HOW TO COMPLETE THIS TASK: Each entry shown below is to be reproduced exactly.

[SOURCE RECORDS]

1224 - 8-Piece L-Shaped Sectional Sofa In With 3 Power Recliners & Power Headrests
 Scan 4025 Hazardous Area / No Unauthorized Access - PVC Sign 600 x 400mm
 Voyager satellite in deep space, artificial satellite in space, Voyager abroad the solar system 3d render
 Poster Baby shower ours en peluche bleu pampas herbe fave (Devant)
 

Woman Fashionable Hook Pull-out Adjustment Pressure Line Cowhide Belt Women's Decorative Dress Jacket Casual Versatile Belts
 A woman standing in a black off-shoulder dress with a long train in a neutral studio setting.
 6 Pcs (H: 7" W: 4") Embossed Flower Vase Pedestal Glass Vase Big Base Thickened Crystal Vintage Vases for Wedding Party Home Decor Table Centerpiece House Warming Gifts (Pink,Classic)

[/SOURCE RECORDS]

SOLVED EXERCISE:
1224 - 8-Piece L-Shaped Sectional Sofa In With 3 Power Recliners & Power Headrests
 Scan 4025 Hazardous Area / No Unauthorized Access - PVC Sign 600 x 400mm
 Voyager satellite in deep space, artificial satellite in space, Voyager abroad the solar system 3d render
 Poster Baby shower ours en peluche bleu pampas herbe fave (Devant)
 

Woman Fashionable Hook Pull-out Adjustment Pressure Line Cowhide Belt Women's Decorative Dress Jacket Casual Versatile Belts
 A woman standing in a black off-shoulder dress with a long train in a neutral studio setting.
 6 Pcs (H: 7" W: 4") Embossed Flower Vase Pedestal Glass Vase Big Base Thickened Crystal Vintage Vases for Wedding Party Home Decor Table Centerpiece House Warming Gifts (Pink,Classic)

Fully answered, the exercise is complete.